Les lauréats avec le jury du concours

La journée mondiale de la Francophonie, célébrée le 20 mars, a été cette année marquée par un concours d’éloquence sur des thèmes variés ayant un lien direct avec la société contemporaine. Cet événement a été organisé à l’Institut français de Maurice donnant ainsi l’occasion aux étudiants du secondaire et ceux des institutions tertiaires de démontrer leurs connaissances et talents face à un jury composé de quelques personnalités. Sur 359 participants, un jeune du collège Saint-Joseph et une étudiante de l’université Panthéon-Assas ont été récompensés.

La grande éloquence de Grégory Albert, âgé de 17 ans et élève en Grade 12 au collège Saint-Joseph, et celle d’Alexia Quenette, 19 ans et étudiante en droit à l’Université Panthéon-Assas, à l’Uniciti de Médine, ont visiblement séduit le public présent hier matin à l’IFM lors de la cérémonie de remise de prix. Pour sa première participation à un concours d’élocution, Grégory Albert a pu se distinguer par ses qualités et a répondu aux critères d’exigences du jury.

S’il n’avait aucune connaissance de ce concours, c’est son camarade de classe qui l’a poussé à tenter l’aventure. « Je n’étais pas au courant de ce concours. Mon enseignant, qui en avait pris connaissance, avait déjà porté son choix sur deux élèves : l’un, très doué en slam, et l’autre, assez proche de lui. Toutefois, ce dernier n’a pas voulu participer et m’a encouragé à prendre sa place. C’est ainsi que je me suis lancé », raconte le gagnant.

Primé pour la demi-finale sur les superhéros, Grégory Albert se souvient d’avoir incarné un personnage héroïque et, pour la finale, il a choisi les beaux-arts. « J’ai choisi ces thèmes car je sentais pouvoir mieux les gérer », dit-il. Cet élève avoue que « participer à des concours n’est vraiment pas ma tasse de thé » mais qu’il préfère être encouragé afin d’y prendre part. « C’est peut-être le premier concours tout court auquel je participe », dit-il. Et d’ajouter : « Le côté positif qui ressort de cette participation, c’est d’avoir pu vaincre le trac. »

Quant à Alexia Quenette, chaudement applaudie par le public, elle maîtrise déjà l’art oratoire.
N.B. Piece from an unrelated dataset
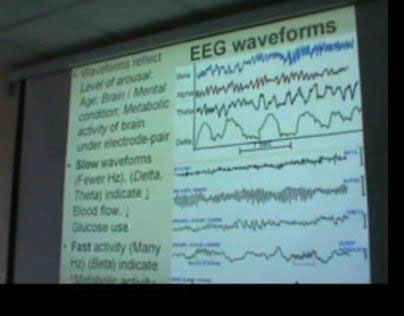 EEG – Sleep Part 1 – Dr Sanjoy Sanyal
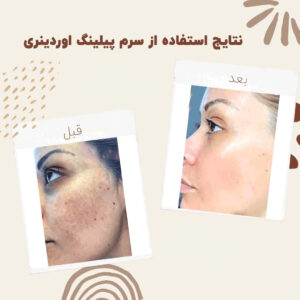 before after peeling 1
Ayant fait du théâtre et réussi son bac avec brio, cette jeune fille n’a pas hésité à participer à ce concours grâce aux qualités qu’elle a développées avec l’aide de ses enseignants. « Je suis étudiante en droit, et l’art oratoire a toute son importance », dit-elle. Ayant choisi le thème « tradition, richesse ou carcan », Alexia Quenette avance que la tradition « peut être bien exploitée », tout en expliquant que de nouvelles pratiques, qui sont recréées, « présentent aussi des avantages ».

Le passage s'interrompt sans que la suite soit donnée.